Morgan Stanley analyst Dara Mohsenian palces the fair value for Canopy stock at $25 per share, about one half of today's price, for example. A drop back to those levels for Canopy would take a great deal of shine off of Canopy's luster for Constellation.
This is due in part to the large amount of capital the company was required to shell out for the cannabis king.
Brian Nelson, President of Investment Research at Valuentum, an Illinois-based investment research firm, is remaining cautious on the cannabis catalyst as well, especially given Constellation's debt load.
"Constellation's Canopy deal will add another $4 billion in debt to a balance sheet that already has a long-term debt load of nearly $10 billion as of August 2018," he said. "The company will have to continue to generate copious amounts of free cash flow and perhaps slow buybacks to deleverage in the future, in our view."

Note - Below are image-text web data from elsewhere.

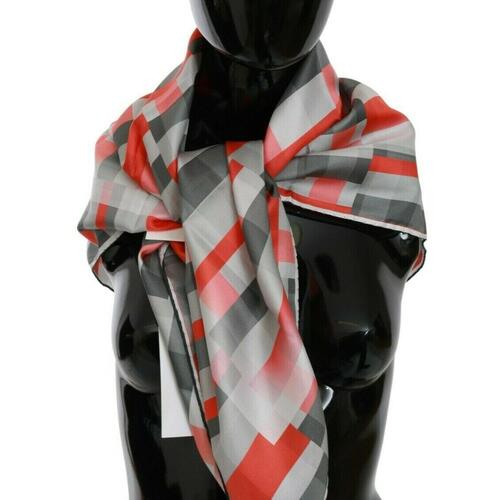 C’N’C COSTUME NATIONAL Gray Red Checkered Silk Scarf One Size Women - Main Image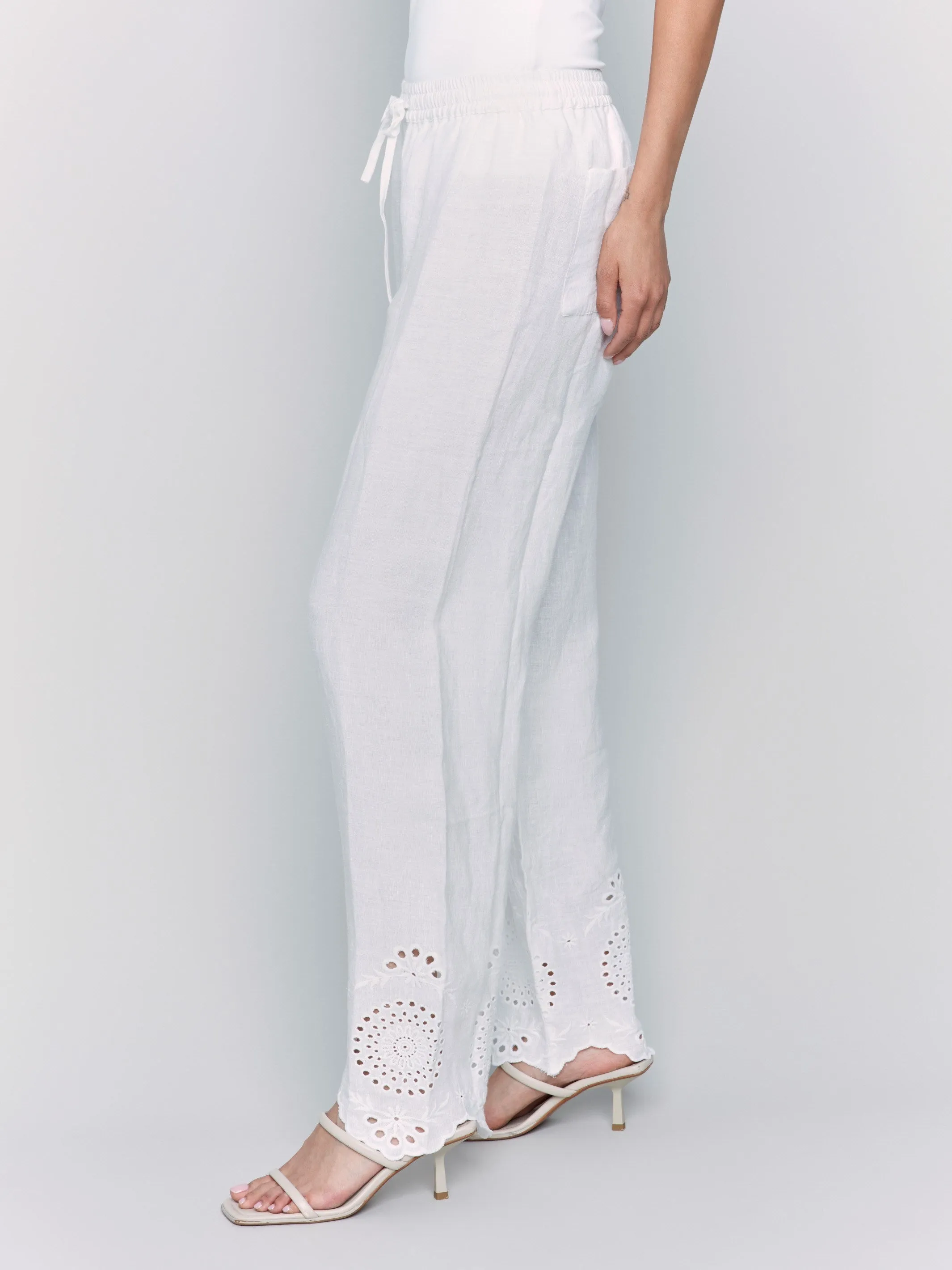 Pull-On Linen Pants with Eyelet Embroidery - White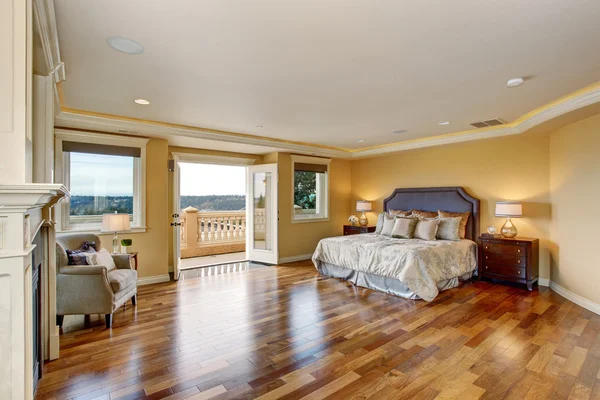 Large elegant master bedroom with fireplace. — Stock Photo, Image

He added that there are a number of variables in the cannabis space that have to be sorted out.
"Sizing up the long-term cannabis opportunity given policy risks and then shaking out who will have the corresponding market share across verticals will be an inexact science so early in the adoption curve, particularly as many of the smaller companies may be money-losing endeavors," he explained.

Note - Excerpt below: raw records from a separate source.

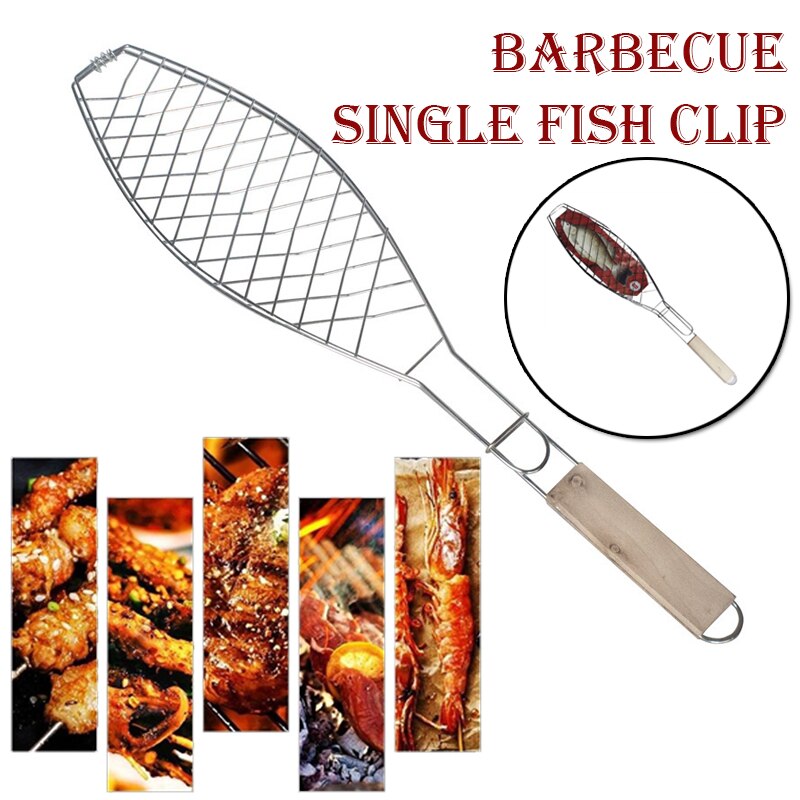 Roasting Fish Grilling Basket Vegetable With Folding Handle DIY Flexible Nonstick Outdoor Barbecue Tool Portable Burger Mesh BBQ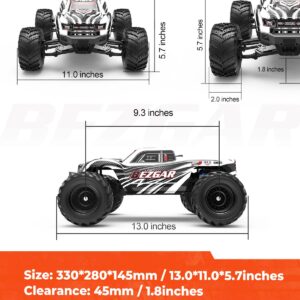 BEZGAR HM121 1:12 Scale RC Truck - 4x4 Offroad Waterproof High Speed 45+ KM/H Remote Control Truck for All Terrains, 2.4Ghz 4WD Fast RC Cars for Adults and Kids Boys with 2 Rechargebale Batteries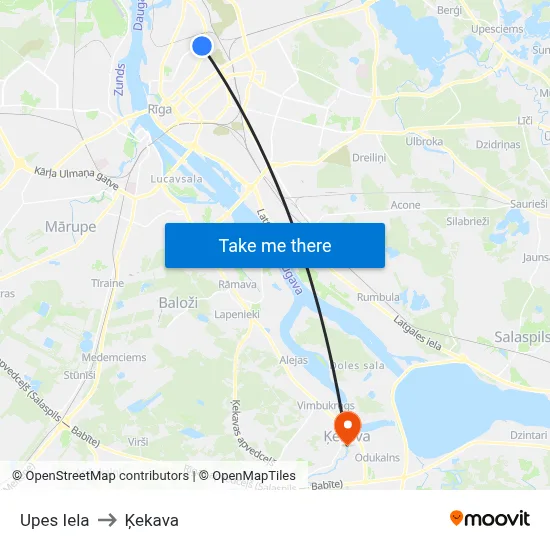 Upes Iela to Ķekava map
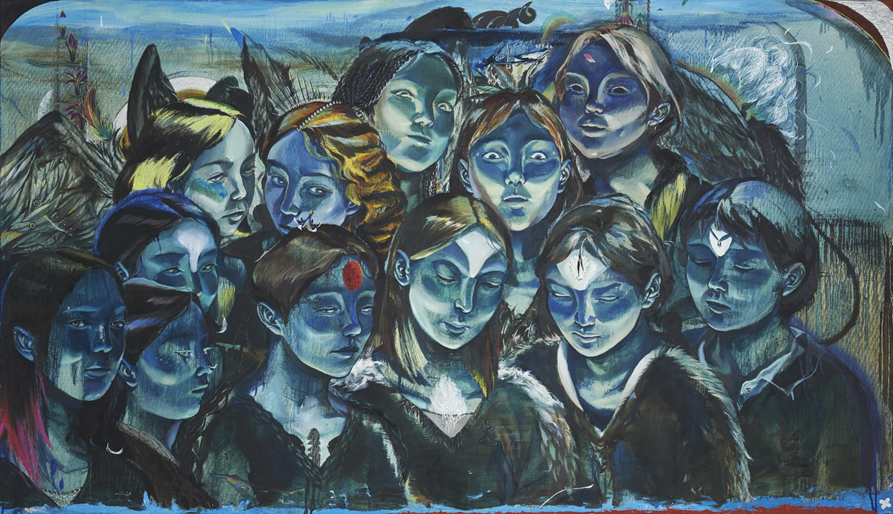 정수정, Crowned cranes, Oil on canvas, 165x95cm, 2021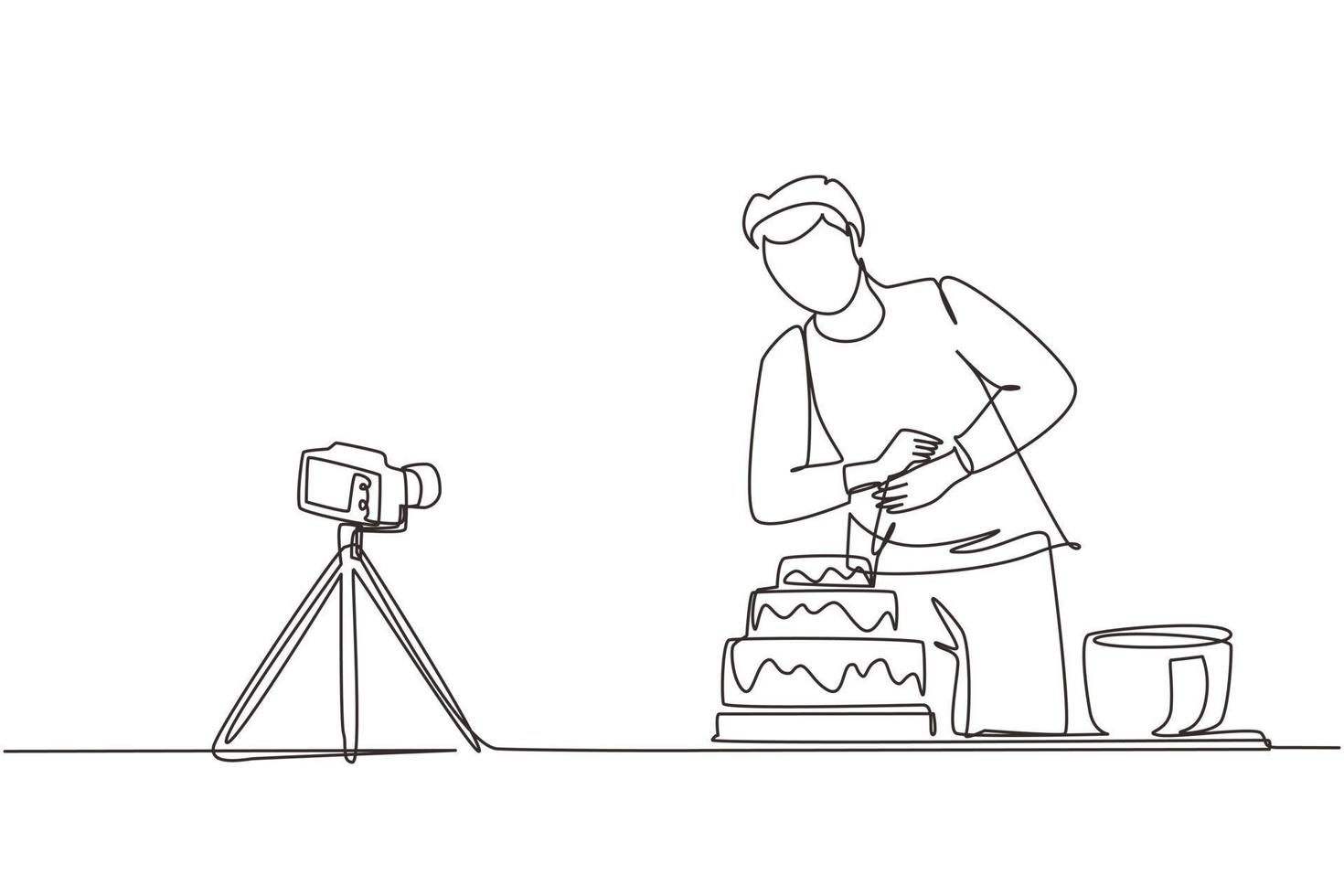 einzelne durchgehende Strichzeichnung Influencer oder Food-Blogger, die Inhalte erstellen. Mann dreht Kochvideo mit Kamera auf Stativ. koch backt und dekoriert kuchen in der küche. Designvektor mit einer Linie zeichnen vektor
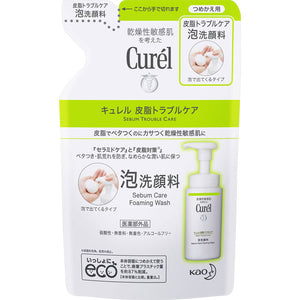 Kao Curel Sebum Trouble Care Foam Facial Cleanser, Refill, 130Ml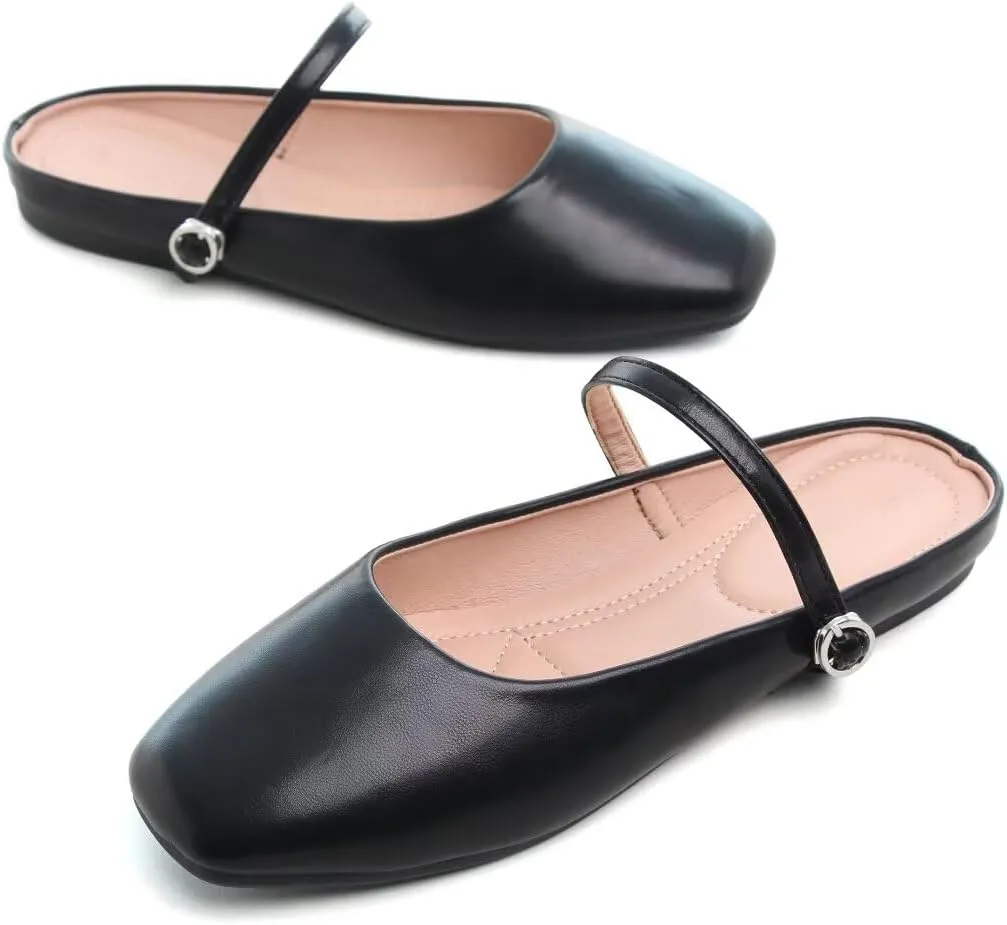 Stunner Women's Mary Jane Flats Fashion Round Toe Ballet Flats Comfort Slip On Flats Buckle Strap Dress Flats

Shareholders also told Real Money that the brand-new status of the cannabis industry makes it hard to accurately factor in for Constellation.
"It's such a nascent area that its really hard to model," Ian Browning, portfolio manager at Peddock Capital Advisors, a Braintree, Massachusetts-based advisory firm told Real Money.
His firm oversees a total of $200 million in its equity accounts, which includes 20,679 shares of Constellation Brands.
"Obviously making such a big bet on Canopy Growth is something we've been watching on the risks," he explained. "It could be a compelling investment, but it's just hard to model the impact right now."
To be sure, the cannabis question marks are not scaring him or his firm off of the stock.
"I still really like the stock [Constellation]," he said. "This is a really outsized position for us already, so we're not adding to it, but we're also definitely not reducing it."
Trader's Await Tolerable Entry Targets
On the back of some remaining concerns, traders were more comfortable tempering their expectations and targeting more tolerable entry points amid today's rapid rise.
"The firm is executing the core business extremely well, and obviously has a somewhat visionary take on the future," Real Money contributor and former NYSE trader Stephen Guilfoyle wrote in his column this morning. "I have no problem blessing an investment in this name (but not at these prices) with the appropriate steps taken toward risk management."
He suggested instead that traders wait until the stock cools off a bit, with $212 per share being a much more attractive entry point once the "euphoric response" wears off.